Караван дальше двинулся.
И под гору спустились, и на лысую вершину взобрались, а собачий страшный вой разрывал тайгу.
— Ой ты, как скучает… Пойдем скорее! — зажала уши баба.
Двадцать дней тунгусы тянулись. Далеко ушли. Болезнь не нагнала, сзади осталась.
Пождали-пождали старика — не пришел. Ну, значит, слопала его болезнь. Это ничего, зато сами живы.
Осень проходила с красным листом, с желтым листом, с морозом. Травы сединой взялись, зори были в золоте, с севера белые тучи наплывали, и уж на вершинах каменных сопок выпал снег…
Набрел на Ивашку хороший его товарищ, Чумго, белку промышлял, и говорит:
— Вот я у торгового был, чудо видел.
Ивашка зачмокал губами, с любопытством развесил уши.
— Из города птицу привез торговый.
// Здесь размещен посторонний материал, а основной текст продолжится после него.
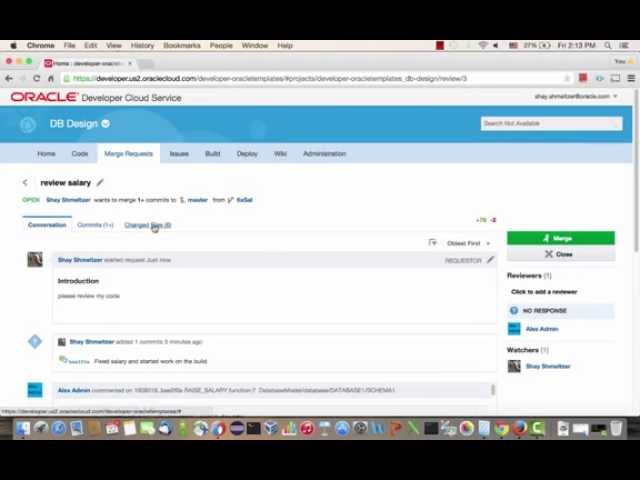 Lifecycle Management for SQL & PLSQL Developers with the Oracle Developer Cloud Service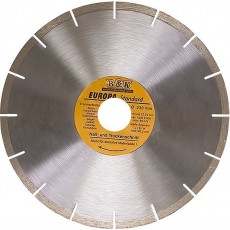 Диск алмазний відрізний сегментний, 230 х 22,2 мм, сухе різання EUROPA Standard //SPARTA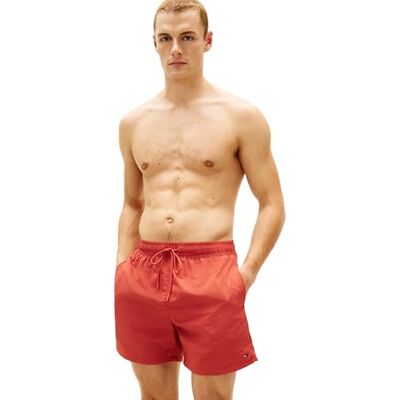 Tommy Hilfiger Herren Badeshorts Medium Drawstring mit Logo Tommy Hilfiger Herren Badeshorts Medium Drawstring mit Logo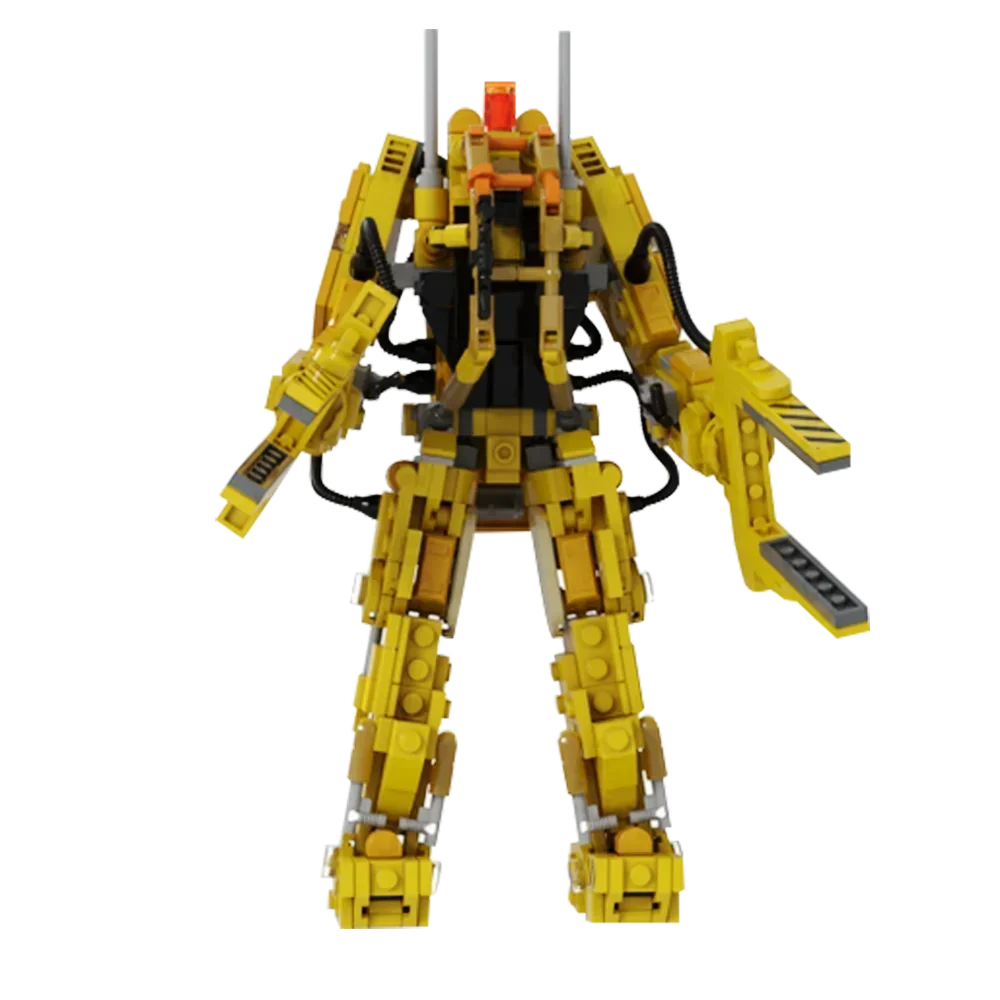 Фото Gobricks MOC Series Micro Aliens PART V: Мини-размер P-5000 с питанием, рабочий погрузчик, робот, строительный блок, кирпичи, набор игрушек для подарков №5
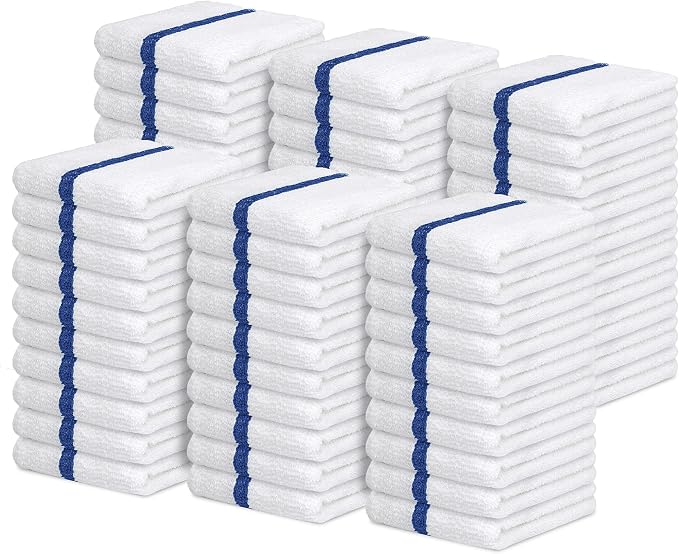 Avalon Towels Terry Bar Mop Towels Size 16"x19" – Absorbent and Durable by AvalonTowels
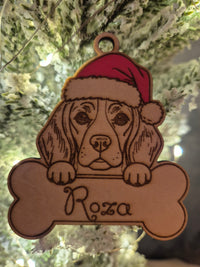 Boule de Noël chien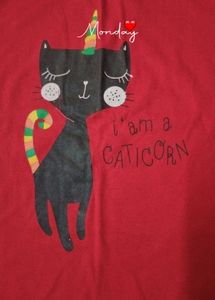 Red Catcorn Long Sleeve T-Shirt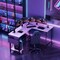 Healsmart L-Shaped 50-Inch Gaming Computer Desk with Reversible Corner for Students to Study and Write, Woode 3A88FNDESKOFFICEL50X43WHT - alternate 6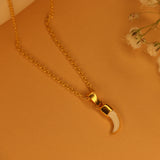 Sword charm necklace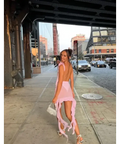 Fanci Club White Apple Mini Dress - 6 / Pink - Dresses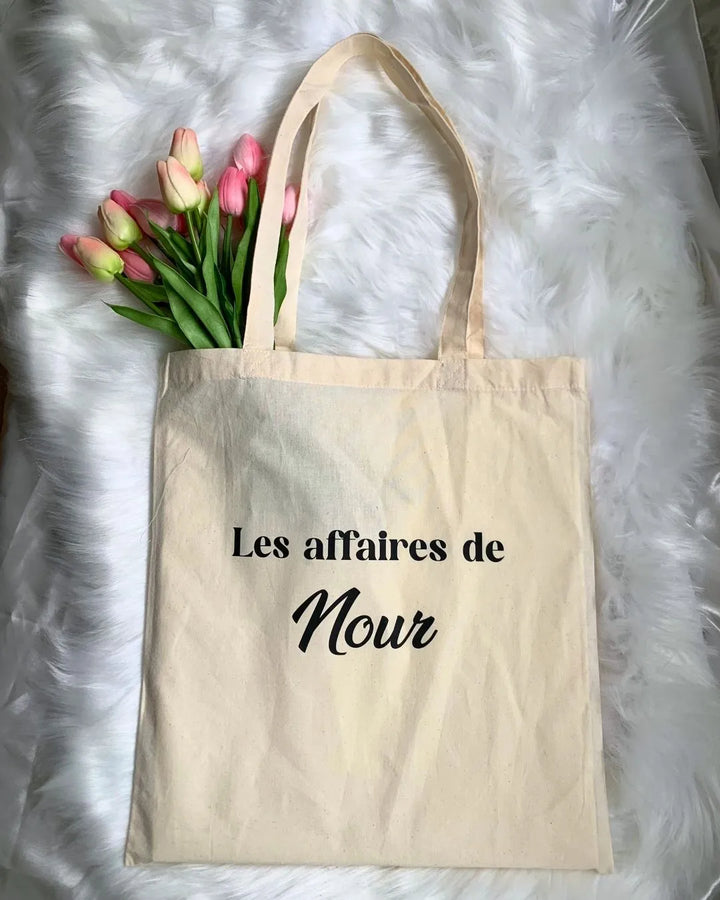 Tote bag en coton personnalisé Prénom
За морем, говорит, такая птица водится. Пьятух… Ну и птица. Под мордой борода трясется, на башке гребень. Песни поет. Громко-громко!
— Продажный, нет? — сплюнув сквозь зубы, спросил Ивашка.
— Нет, — уверенно сказал Чумго. — Уж очень занятная птица. Ночью поет. Как схлопает крыльями, да «ку-ри-ку!» — так все шайтаны, сколько есть на свете, сразу скрозь землю проваливаются. Страх как боятся.
— А может, продажный? — спросил Ивашка, и глаза его заблестели.
— Однако нет, — раздумчиво проговорил Чумго. — Я так думаю, она и хворь у русских прогоняет: как гаркнет «ку-ри-ку!» — хворь разом из избы вон, да и бежит без передыху, покамест на кого из наших не набросится.
— Йе, — радостно сказал Ивашка. — Такую птицу надо купить. Как такую добрую птицу не купить.
Ивашка далеко проводил в тайгу своего друга Чумго. Всю дорогу разговаривали о неслыханной птице и решили: чего бы ни стоило — добыть ее.
Торговый человек, Петр Абрамыч Трындин, уж седьмой год живет на вершине речки Бирьякана, в глухой тайге: до ближнего села и то верст полтыщи, как не больше. За все время лишь два раза выезжал в село — очень труден путь. Сначала один жил, потом жену приплавил, приказчика Спиридона с семьей, обзавелся хозяйством: корова была с лошаденкой, кошка, шесть собак. Бывало, придут тунгусы за покупками, только языком прищелкивают, удивленно разглядывая лошадь и корову, — впервые видят.
— От так зверь!
А прошлой весной привез торговый молодого горластого петуха и двух молодок. С курицами как-то веселее стало: клохчут, яйца несут, цыплят выводят.
Зима отлютовала, весна идет, понесло дурманным хвойным духом. Но приказчика Спиридона, долгобородого, на кривых ногах мужика, ничто не радовало: баба всю зиму хворала, лопата-лопатой сделалась, а с весны их ребенок все животиком скучал, да на второй день пасхи и… пришлось гробовину ладить.